The LED payload panel consists of two boards: one containing 10-20 LED’s arranged in an array of parallel 2-LED strings, the other containing the power conversion and control bus. All components on both boards are thermally linked to thermally conductive, non out-gassing epoxy sandwiched between the two boards. The power regulation bus uses five to ten Linear Technology LED drivers (one per LED string) to boost the battery voltage from 6.6v to the string’s 7.2v. When in a healthy power state and eclipsed by the Earth, the power regulation bus will deliver a 6-amp, 7-volt, high-current bursts to each string of two LEDs. Limited only by battery charge and I2R thermal runaway, the LED power bus can reliably source 200ms bursts once every twenty seconds or thrice rapidly every minute. The ability to deliver these high-current bursts of power is enabled by the unique LiFePO4 battery chemistry being validated in LEO by EQUiSat. The charge/discharge characteristics of these batteries will be recorded on orbit and relayed to ground so their LEO operation can be better understood for future implementation.
EQUiSat’s Command & Data Handling is broken into three parts:
- Electrical Power System (EPS) control
- Data Control
Electrical Power System Control
Power control will be responsible for managing battery charging, and determining battery power consumption. Battery charge management will consist of a power-point tracking algorithm that implements a student-designed PWM switching regulator topology to optimize the net solar panel IV curve. The internal PIC ADC will monitor battery voltage and current (using precision, low-temperature-coefficient sense resistors). For battery validation, LiFePO4 charge/discharge data will be stored in ‘packages’ that include battery current, voltage, and temperature sampled simultaneously and stored in local memory. Each package is encoded using a parity-bit scheme to ensure data fidelity upon downlinking. In addition to eclipse, a healthy battery state serves as a condition for LED flashing and whether data-control can downlink data.
These tasks will be done multiplexed, such that IV calculation will only be done every so often (although no so infrequently that major power is lost), and that priority is given to recording and maintaining battery power levels.

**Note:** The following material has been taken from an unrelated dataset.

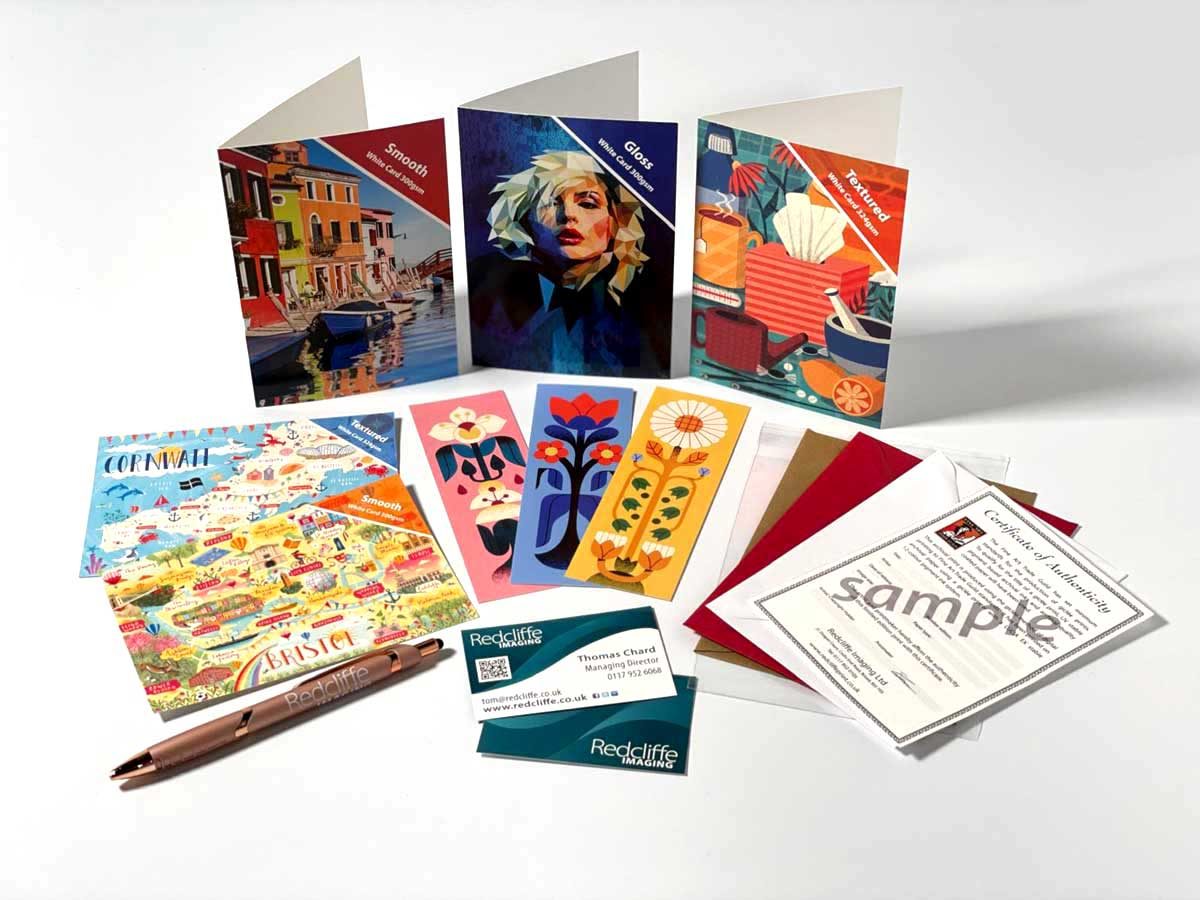 A selection of Redcliffe greeting card products — three card finishes (Smooth, Gloss, Textured), bookmarks, postcards, envelopes, certificate of authenticity, and a Redcliffe pen.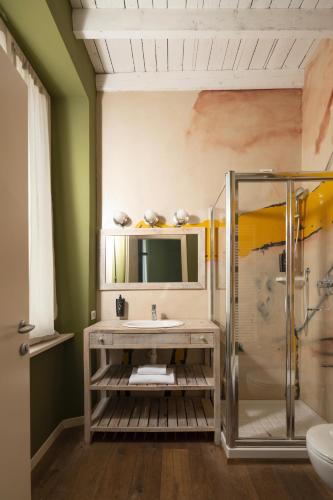 a bathroom with a sink and a shower at Locanda Cece e Simo in Bergamo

After several iterations of different manufacturers, PIC microcontrollers have been selected for the EQUiSat electronics system. The main criteria were as follows: internal ADC, sufficient on-chip memory, appropriate thermal range, affordability, and a simple C programming interface that is easy to implement and extensible. The selected PIC microcontrollers satisfy each of these requirements monolithically, drastically simplifying system architecture. EQUiSat has minimized necessary on-board data, such that the PIC’s 2Kbytes of on-chip memory can store all critical data for 3 days of operation.
The microcontrollers will be similarly split into the power and data blocks specified above. Although from a system wide design perspective, both subgroups will be logically disjoint, there will be a small limited connection between the two, such that power-control will be able to inform data-control when it can/cannot broadcast information.
The hardware will consist of 8-bit and 16-bit Microchip Technology PIC microcontrollers. Each subgroup will be run by a “main” 16-bit controller which will be handling the core duties of each subgroup unless an unrecoverable error returns, at which point 8-bit backup controllers will power on and take over core duties. The “main” controllers will send keep-alive signals to the backup controllers such that they will only turn on and take over when no keep-alive has been received. Although the 8-bit controllers will be running ostensibly the same code as the 16-bit “main” controllers, there will be changes made to better accommodate the reduced capabilities of the 8-bit controllers (e.g. lower oscillation rate, slower analog to digital conversion speeds, smaller memory, feature difference between 8-bit and 16-bit micros).
Data Control will be responsible for reading ADS and temperature sensor data, transmitting all collected data to ground stations and listening/responding to any kill-transmission signals received from the ground. Data control micros will gather data collected by the power system micros regarding battery temperature/performance and from the attitude determination system sensor suite. The micros will act such that all data is collected from the required sensors as close to synchronously as possible. All data will be recorded in local memory and aggregated. Every two minutes, the data control micros will operate the on-board transmitter downlink this data. Local data memory will be cleared in a queue, such that registers storing the oldest data points are cleared first. The satellite is required to accept a kill signal such that all transmissions can be stopped if they interfere with other satellite’s communications; as such, the data-control micros will be listening for our kill signal via the on-board receiver, should it be needed. If the satellite radio has been turned off due to the kill signal, the micros will continue to record information, storing any overflow data from RAM in local EEPROM.